You don’t need multiple font formats

It’s commonly believed you need multiple formats of an icon font (WOFF, WOFF2, SVG, TTF, EOT). You might but you might not. If you want your icon font to be viewable on all devices (apart from old IE) the solution is simple: use a TTF of the icon font. To remove the possibility of the icon font not loading, embed it as a data URI in your CSS. If the CSS loads, the icon font loads.

Icon fonts make it simple to work with designs

With an icon font the designers and the developers have the same flexible asset. Pick the font, paste in the relevant glyph and the size you set the asset in the graphics editor is the size it will end up in the code. Let me re-iterate that point as it’s an amazing benefit of using an icon font. Icomoon has a beautiful feature and I’ll provide a direct quote here from their docs that explains this:

The IcoMoon app aligns the top of the icon canvas to the ascender line and its bottom to the descender line of the font. Using this technique, the size of your font will directly translate to the size of the icon. For example, if you set your font-size in CSS to be 16px, you will get a 16px icon. This method was first introduced by IcoMoon.
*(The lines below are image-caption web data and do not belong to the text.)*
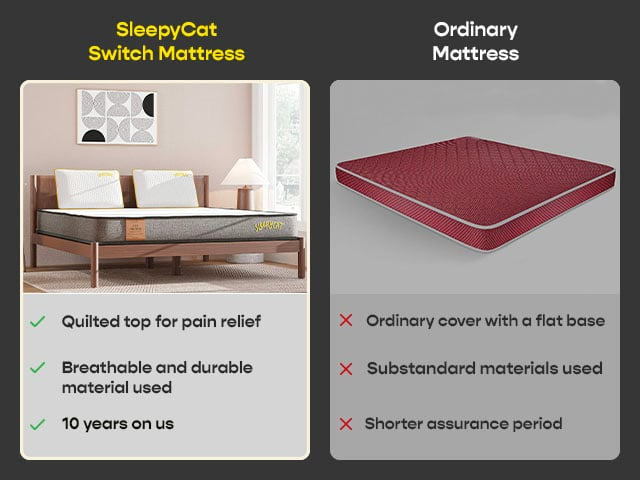 Switch Dual Comfort Mattress
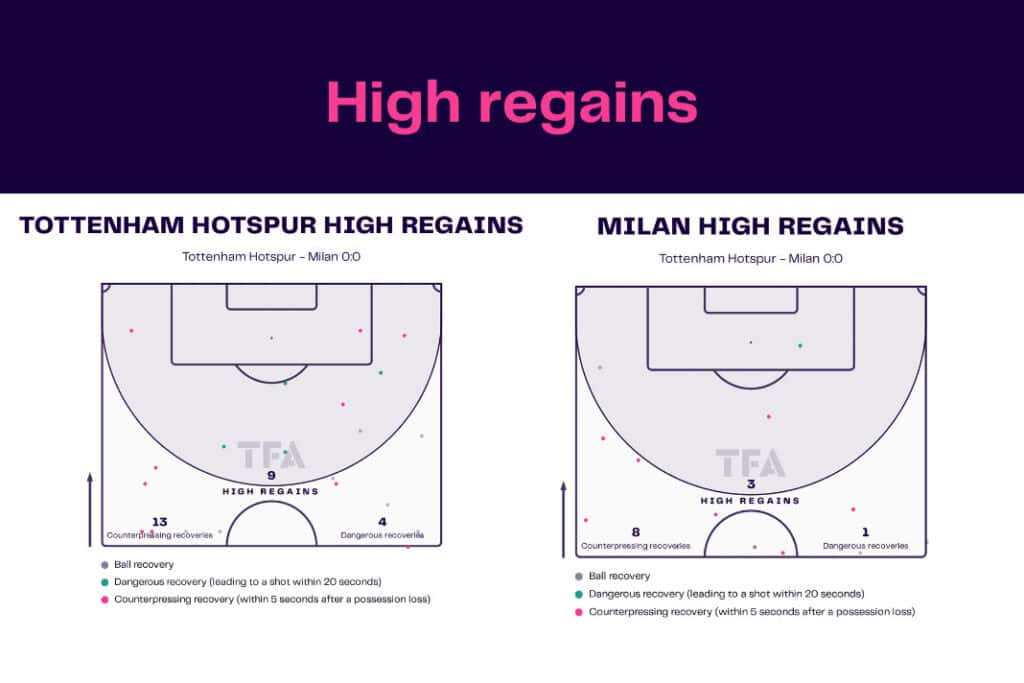 UEFA Champions League 2022/23: Tottenham Hotspur vs AC Milan - data viz, stats and insights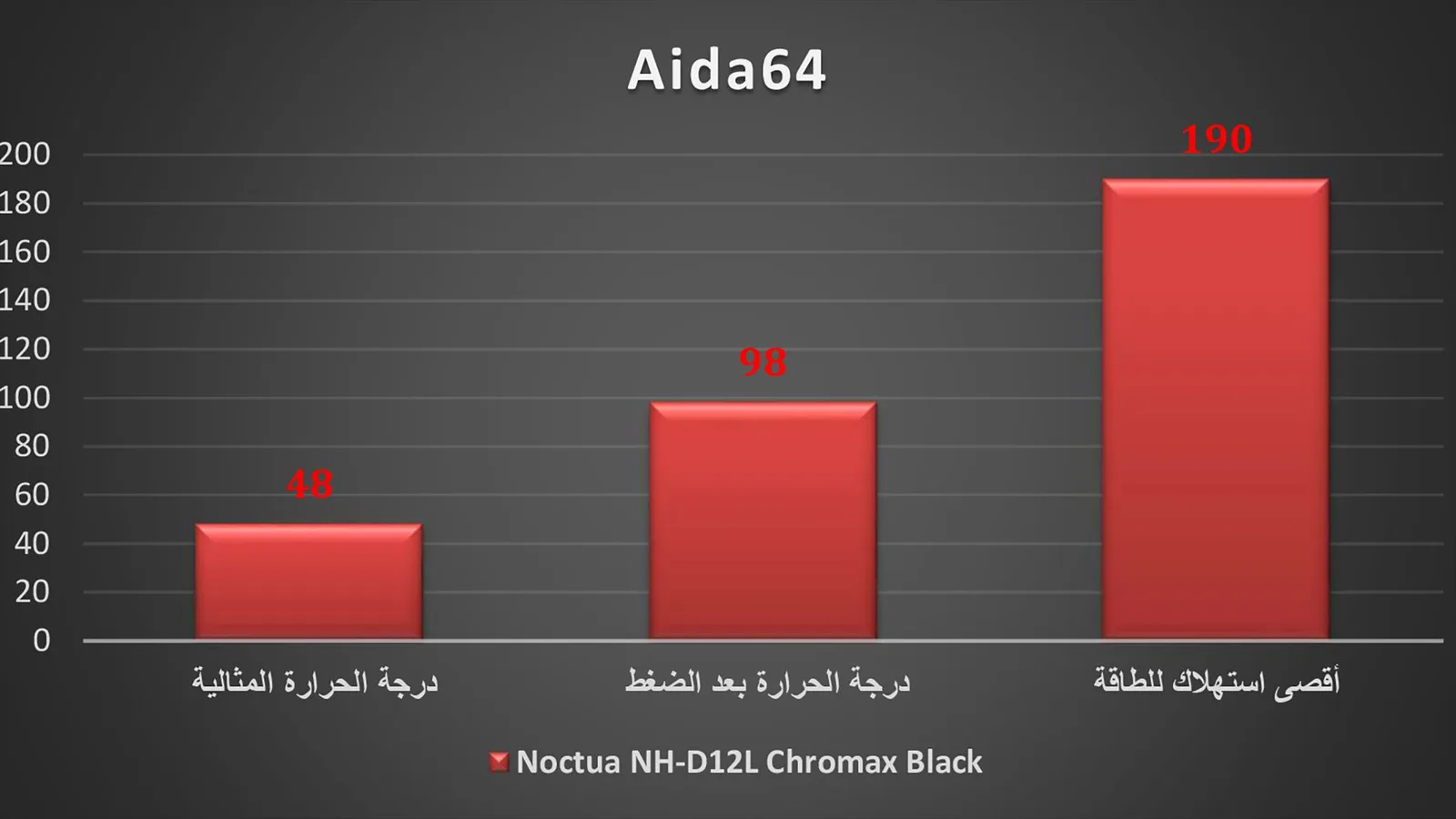 AIDA64.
So, inside your OS, you install the icon font as you would any other font. In Sketch/Illustrator you select the font, paste in the relevant glyph and size it with text controls as you would any font. That size is a 1:1 of what you will get via CSS in HTML. Size of the shopping basket icon 16px in Sketch/Illustrator? Set it to 16px in your CSS and it will render the same size. Exactly.
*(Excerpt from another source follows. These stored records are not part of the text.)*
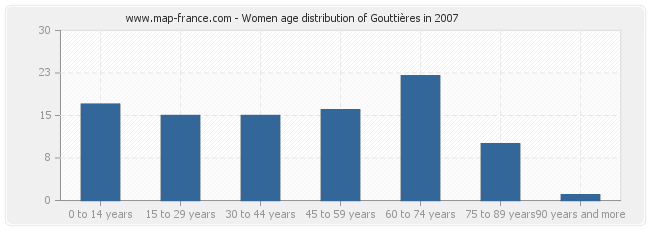 Women age distribution of Gouttières in 2007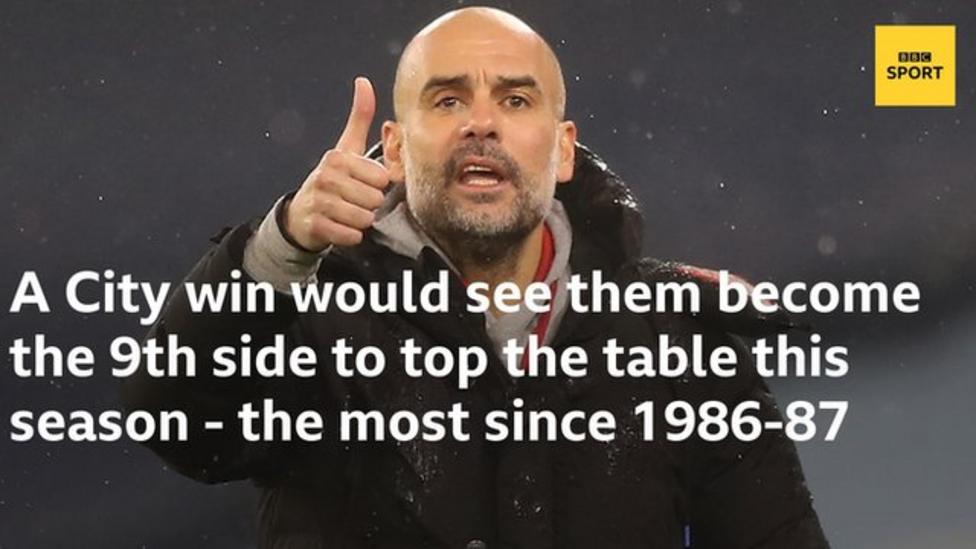 Manchester City can become the ninth side to top the table this season - the most since 1986-87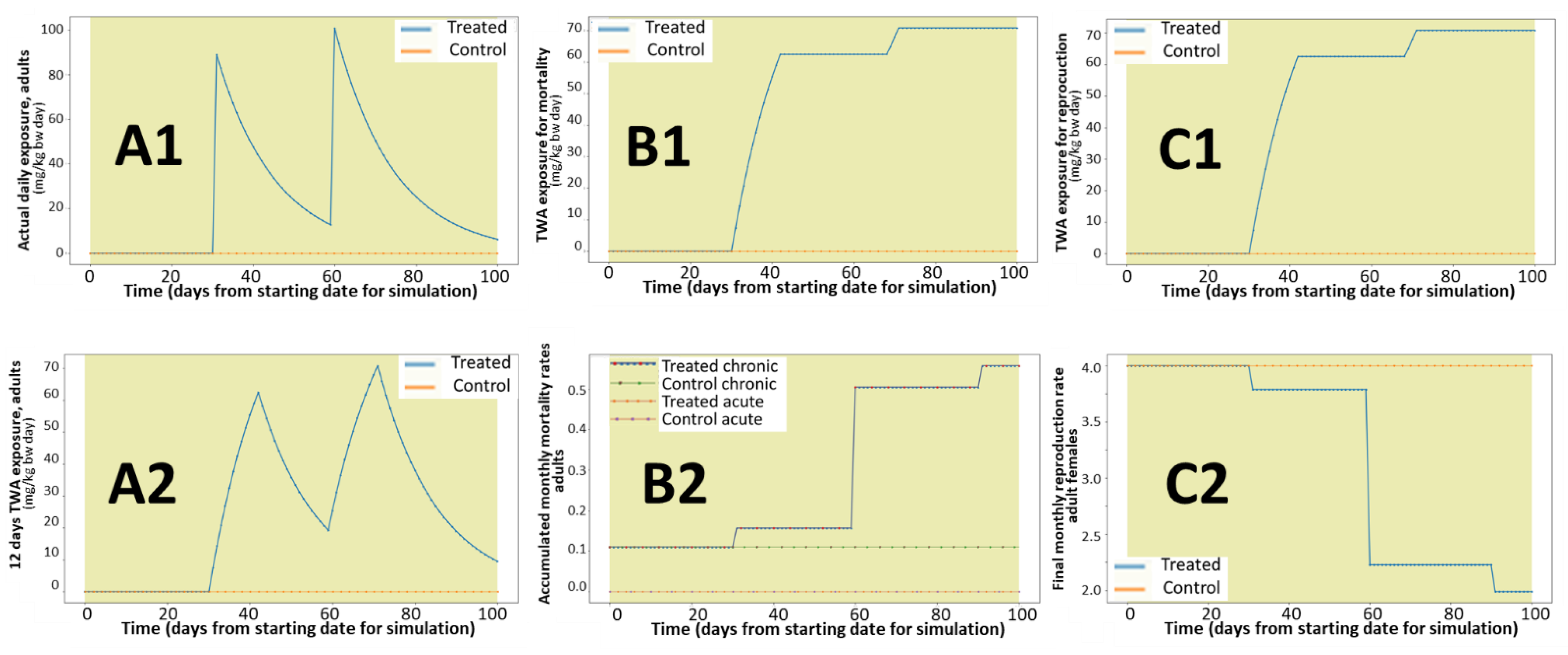 Ijerph 18 07720 g005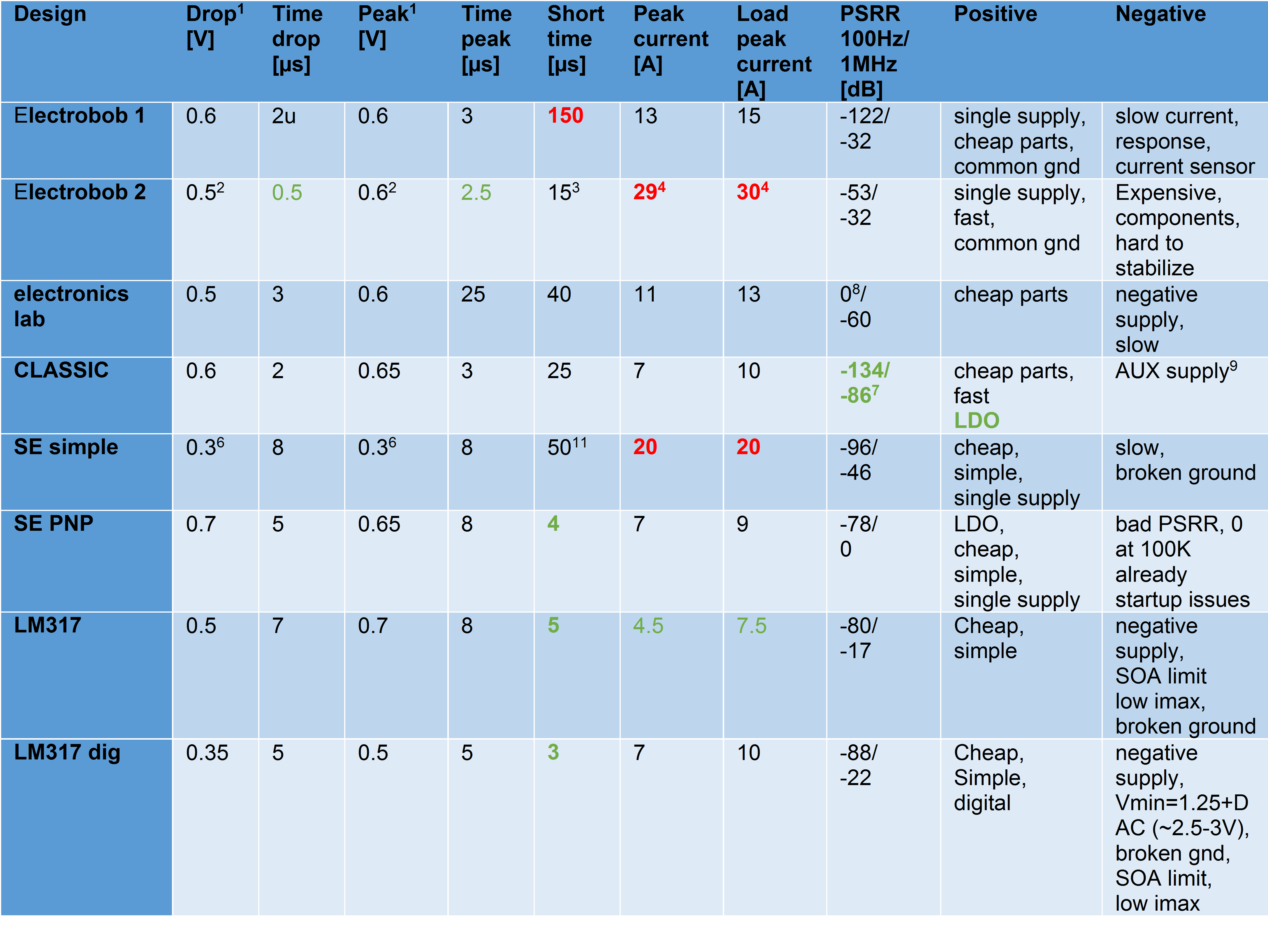 CONNECTICUT ELECTRICITY SUPPLIERS CT Energy Savings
It’s not that’s there’s anything wrong with SVG in the HTML for similar utility. It’s just more limiting and you need a shim script to get the solution working well with IE.

PUA and accessibility

Much has been made about the accessibility problems of icon fonts. For the manner in which I apply icon fonts, I don’t believe this is relevant. If you are using an icon font using the private use area of Unicode, starting at a range of e600 (again, IcoMoon has this covered and starts your font at that number by default), screen readers do nothing with it; more simply they don’t attempt to read the glyph. I’m yet to find any evidence of a screen reader reading a unicode number in this range.

Furthermore, I’m using the icon font glyphs as a visual enhancement to something. Therefore, whether the icon appears or not – it is not essential for the use of the interface – you can see this approach in the header icons of this very site.

Using icon fonts in this manner is simple, this is what the PUA looks like in the content value:

.thing {
    /*Other Code*/
    &:before {
        content: "\e600";
        font-size: 1rem;
    }
}

More from the wonderful documentation of IcoMoon:

Some screen readers (such as Apple’s VoiceOver), read the content inside pseudo elements. When you assign single characters to your icons, you wouldn’t want the screen reader to read these characters. By using PUA code points for your glyphs, you can prevent this problem.

So, as far as I am concerned, icon fonts are not a hack. The private use area of Unicode is expressly for custom glyphs. Icon fonts are custom glyphs. Why is this being called a hack? To me it is a text book use case of PUA.

Bonus points for Icon Fonts

With nothing but CSS, you can have text shadows, transition colours, perfect alignment with surrounding text and what’s more the visuals stay out of the DOM. Presentation stays in the presentation layer; the CSS. I’ll level with you though – I don’t actually care that much either way but it might be preferable for you.

Pages render faster with icon fonts

Back in May of this year, Parashuram N did some excellent testing on the comparative speed of SVG and icon fonts. Here’s a headline:

The frame rates were best for Font Icons (sic) and worst for inline SVGs, when measured using request animation frame, and using tracing benchmarks.

These things are always changing. Browsers update, techniques improve but I’ve not seen any data more recently to counter this data. If render speed is a priority, icon fonts are likely a better choice than inline SVGs.

Summary

There are occasions when SVGs in backgrounds are the best choice, there are times when SVGs inline are the best choice. Equally there are times when an icon font could be the best choice. Don’t avoid techniques wholesale. Understand the advantages and disadvantages of a technique fully. Appraise the merits of a technique relevant to your situation and employ said techniques when they are relevant and beneficial.